:: SUPPLIED MATERIAL

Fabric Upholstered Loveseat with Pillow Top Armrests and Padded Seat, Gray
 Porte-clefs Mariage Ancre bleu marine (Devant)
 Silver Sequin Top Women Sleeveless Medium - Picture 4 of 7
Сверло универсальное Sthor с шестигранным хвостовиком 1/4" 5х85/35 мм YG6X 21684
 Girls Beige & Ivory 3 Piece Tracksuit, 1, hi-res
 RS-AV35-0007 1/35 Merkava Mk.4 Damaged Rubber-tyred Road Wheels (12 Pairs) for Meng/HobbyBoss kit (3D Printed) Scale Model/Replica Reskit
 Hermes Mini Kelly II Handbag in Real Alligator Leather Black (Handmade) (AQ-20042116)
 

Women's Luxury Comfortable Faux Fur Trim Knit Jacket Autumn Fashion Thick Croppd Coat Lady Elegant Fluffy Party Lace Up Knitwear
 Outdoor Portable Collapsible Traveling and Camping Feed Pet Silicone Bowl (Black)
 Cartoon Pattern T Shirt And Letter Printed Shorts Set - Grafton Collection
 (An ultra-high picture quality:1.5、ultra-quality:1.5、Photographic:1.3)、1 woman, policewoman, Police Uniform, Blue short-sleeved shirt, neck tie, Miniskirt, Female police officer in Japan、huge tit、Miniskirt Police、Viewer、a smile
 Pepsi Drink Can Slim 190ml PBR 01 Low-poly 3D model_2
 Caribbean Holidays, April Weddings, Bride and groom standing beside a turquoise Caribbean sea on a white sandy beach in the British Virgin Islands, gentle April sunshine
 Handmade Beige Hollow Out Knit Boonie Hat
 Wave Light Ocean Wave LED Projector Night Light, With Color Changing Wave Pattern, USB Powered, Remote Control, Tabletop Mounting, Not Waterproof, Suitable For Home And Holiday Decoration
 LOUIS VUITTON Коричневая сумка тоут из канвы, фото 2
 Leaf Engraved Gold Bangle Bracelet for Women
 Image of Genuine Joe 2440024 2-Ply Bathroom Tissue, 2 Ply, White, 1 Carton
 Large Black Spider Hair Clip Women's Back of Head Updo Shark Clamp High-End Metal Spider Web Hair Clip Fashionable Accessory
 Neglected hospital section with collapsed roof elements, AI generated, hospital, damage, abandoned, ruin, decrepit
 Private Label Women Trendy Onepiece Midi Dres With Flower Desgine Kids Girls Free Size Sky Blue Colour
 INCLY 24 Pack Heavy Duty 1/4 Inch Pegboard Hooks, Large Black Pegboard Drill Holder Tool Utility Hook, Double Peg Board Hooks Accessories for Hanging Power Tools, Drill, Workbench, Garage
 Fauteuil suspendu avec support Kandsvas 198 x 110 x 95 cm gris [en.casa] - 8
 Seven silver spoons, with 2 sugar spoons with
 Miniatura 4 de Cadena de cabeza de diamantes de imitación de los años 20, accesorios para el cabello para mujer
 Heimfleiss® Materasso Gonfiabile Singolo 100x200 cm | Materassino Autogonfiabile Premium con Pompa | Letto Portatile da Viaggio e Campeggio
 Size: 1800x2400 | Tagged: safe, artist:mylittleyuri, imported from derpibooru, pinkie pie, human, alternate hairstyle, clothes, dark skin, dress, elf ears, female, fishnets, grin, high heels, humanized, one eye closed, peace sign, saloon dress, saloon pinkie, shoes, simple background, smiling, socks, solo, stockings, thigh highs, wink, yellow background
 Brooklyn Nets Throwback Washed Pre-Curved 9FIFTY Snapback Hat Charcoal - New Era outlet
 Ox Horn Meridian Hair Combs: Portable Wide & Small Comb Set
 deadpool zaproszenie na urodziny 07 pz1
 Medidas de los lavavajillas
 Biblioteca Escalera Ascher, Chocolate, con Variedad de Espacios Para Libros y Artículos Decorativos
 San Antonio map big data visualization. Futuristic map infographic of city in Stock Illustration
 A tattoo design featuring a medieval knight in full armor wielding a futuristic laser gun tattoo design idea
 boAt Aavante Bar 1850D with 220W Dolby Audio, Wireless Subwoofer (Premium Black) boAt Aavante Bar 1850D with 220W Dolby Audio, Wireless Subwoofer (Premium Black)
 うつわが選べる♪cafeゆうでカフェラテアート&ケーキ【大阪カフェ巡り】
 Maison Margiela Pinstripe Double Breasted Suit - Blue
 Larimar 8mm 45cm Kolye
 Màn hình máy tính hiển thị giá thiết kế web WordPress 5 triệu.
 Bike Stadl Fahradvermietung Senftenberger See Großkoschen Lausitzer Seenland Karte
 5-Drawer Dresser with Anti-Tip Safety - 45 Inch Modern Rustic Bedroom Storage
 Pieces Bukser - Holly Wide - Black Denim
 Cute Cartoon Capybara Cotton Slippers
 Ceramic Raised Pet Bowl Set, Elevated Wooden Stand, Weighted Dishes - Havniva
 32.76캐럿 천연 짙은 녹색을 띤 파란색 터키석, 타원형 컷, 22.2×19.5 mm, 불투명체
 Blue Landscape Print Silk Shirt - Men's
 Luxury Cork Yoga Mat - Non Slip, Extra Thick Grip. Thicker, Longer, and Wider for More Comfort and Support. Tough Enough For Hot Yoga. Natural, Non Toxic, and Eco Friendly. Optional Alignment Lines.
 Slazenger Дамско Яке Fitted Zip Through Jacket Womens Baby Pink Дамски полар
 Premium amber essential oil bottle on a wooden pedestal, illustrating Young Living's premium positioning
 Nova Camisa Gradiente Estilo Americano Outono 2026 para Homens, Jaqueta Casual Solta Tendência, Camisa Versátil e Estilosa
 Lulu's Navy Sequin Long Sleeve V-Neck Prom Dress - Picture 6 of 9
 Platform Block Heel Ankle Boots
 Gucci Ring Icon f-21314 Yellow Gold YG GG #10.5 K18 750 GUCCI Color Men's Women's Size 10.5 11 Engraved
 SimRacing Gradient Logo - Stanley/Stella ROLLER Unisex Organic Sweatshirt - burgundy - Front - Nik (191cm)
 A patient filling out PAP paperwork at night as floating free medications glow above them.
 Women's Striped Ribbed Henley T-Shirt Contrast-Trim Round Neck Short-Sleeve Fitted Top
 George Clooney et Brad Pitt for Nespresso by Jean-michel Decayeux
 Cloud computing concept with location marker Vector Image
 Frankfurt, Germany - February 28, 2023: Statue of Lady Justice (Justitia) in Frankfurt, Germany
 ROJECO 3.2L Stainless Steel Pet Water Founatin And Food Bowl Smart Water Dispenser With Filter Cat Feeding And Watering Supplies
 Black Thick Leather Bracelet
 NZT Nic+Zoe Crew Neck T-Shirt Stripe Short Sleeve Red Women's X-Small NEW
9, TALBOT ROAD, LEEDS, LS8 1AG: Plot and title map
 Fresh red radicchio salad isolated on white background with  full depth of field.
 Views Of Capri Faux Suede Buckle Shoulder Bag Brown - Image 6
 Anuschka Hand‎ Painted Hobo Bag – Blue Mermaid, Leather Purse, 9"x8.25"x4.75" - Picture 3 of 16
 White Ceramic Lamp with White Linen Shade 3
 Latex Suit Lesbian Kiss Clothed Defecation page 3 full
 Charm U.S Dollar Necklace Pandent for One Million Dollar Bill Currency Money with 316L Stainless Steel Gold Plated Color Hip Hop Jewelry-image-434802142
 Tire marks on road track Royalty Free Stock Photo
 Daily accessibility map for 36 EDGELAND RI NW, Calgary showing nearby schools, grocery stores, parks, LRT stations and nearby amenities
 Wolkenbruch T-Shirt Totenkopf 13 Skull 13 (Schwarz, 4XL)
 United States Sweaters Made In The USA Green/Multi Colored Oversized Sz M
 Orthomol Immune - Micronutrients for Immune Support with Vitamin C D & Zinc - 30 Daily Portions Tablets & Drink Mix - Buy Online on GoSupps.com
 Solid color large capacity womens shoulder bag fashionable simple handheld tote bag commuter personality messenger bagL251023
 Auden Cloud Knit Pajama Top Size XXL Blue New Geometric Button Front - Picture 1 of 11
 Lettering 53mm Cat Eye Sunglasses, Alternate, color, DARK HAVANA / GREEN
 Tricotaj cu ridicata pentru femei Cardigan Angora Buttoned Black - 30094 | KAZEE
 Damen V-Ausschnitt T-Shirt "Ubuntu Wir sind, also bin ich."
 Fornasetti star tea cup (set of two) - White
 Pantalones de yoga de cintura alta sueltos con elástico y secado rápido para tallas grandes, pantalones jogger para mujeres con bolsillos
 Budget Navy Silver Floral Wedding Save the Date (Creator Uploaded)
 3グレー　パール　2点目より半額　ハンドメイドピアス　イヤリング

::::

# TO DO:
Look through the data above and return exactly the lines from the one that contains "Image of Genuine" to the one that contains "Private Label Women", inclusive, with nothing else.

# ANSWER FOR THIS EXERCISE:
 Image of Genuine Joe 2440024 2-Ply Bathroom Tissue, 2 Ply, White, 1 Carton
 Large Black Spider Hair Clip Women's Back of Head Updo Shark Clamp High-End Metal Spider Web Hair Clip Fashionable Accessory
 Neglected hospital section with collapsed roof elements, AI generated, hospital, damage, abandoned, ruin, decrepit
 Private Label Women Trendy Onepiece Midi Dres With Flower Desgine Kids Girls Free Size Sky Blue Colour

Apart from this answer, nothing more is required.